From the line with "Popular Style Hermes" to the line with "S/S Barbwire C T-Shirt - Dollar Green", retype every line exactly, including those two, and leave out the rest of the data below.

──────── Data for the task ────────

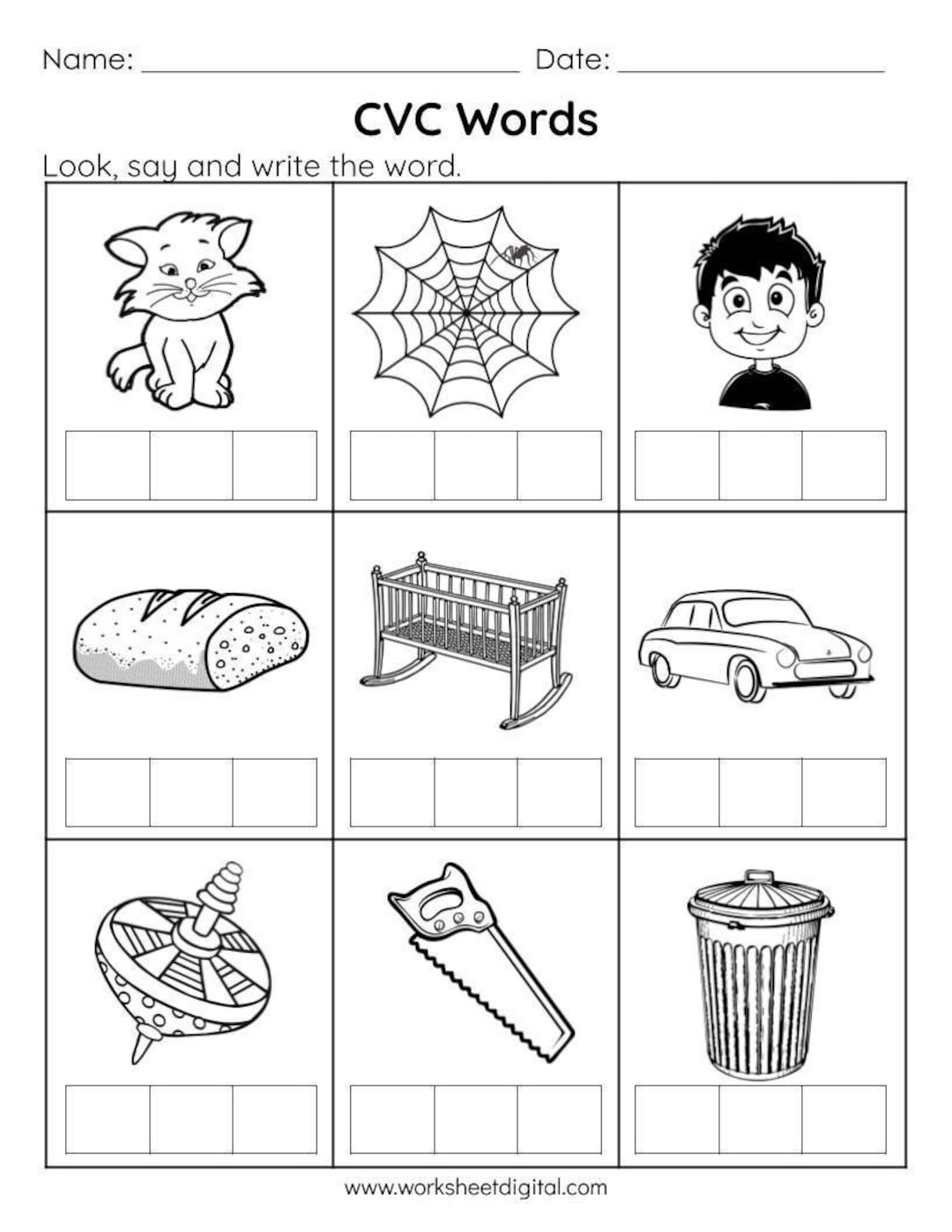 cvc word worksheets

────────
──────── Data for the task ────────

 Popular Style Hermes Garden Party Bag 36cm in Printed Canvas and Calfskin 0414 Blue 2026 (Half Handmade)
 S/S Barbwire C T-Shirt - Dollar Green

────────

- [Task output]:
 Popular Style Hermes Garden Party Bag 36cm in Printed Canvas and Calfskin 0414 Blue 2026 (Half Handmade)
 S/S Barbwire C T-Shirt - Dollar Green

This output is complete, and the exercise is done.